What is being asked: Transcribe the listing that follows in full, omitting pictures.

Supplied material:
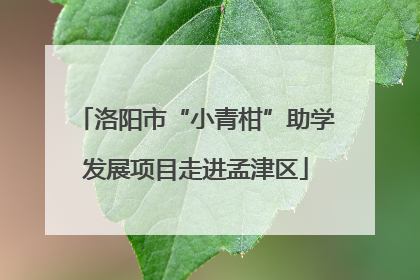 洛阳市“小青柑”助学发展项目走进孟津区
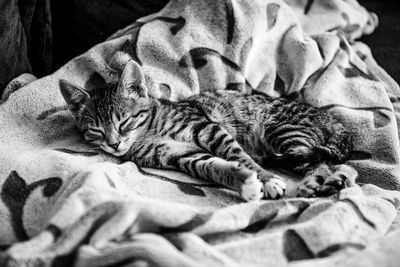 Cat sleeping on bed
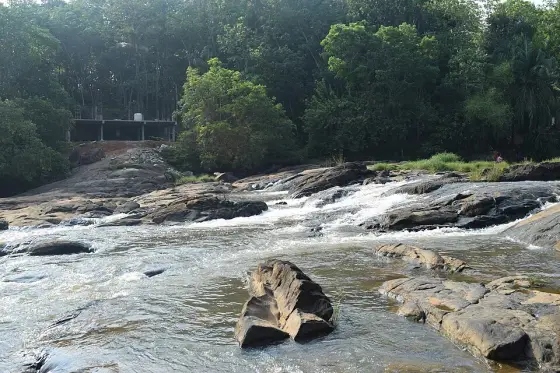 Vattathil Waterfalls (2)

Response below:
 洛阳市“小青柑”助学发展项目走进孟津区
 Cat sleeping on bed
 Vattathil Waterfalls (2)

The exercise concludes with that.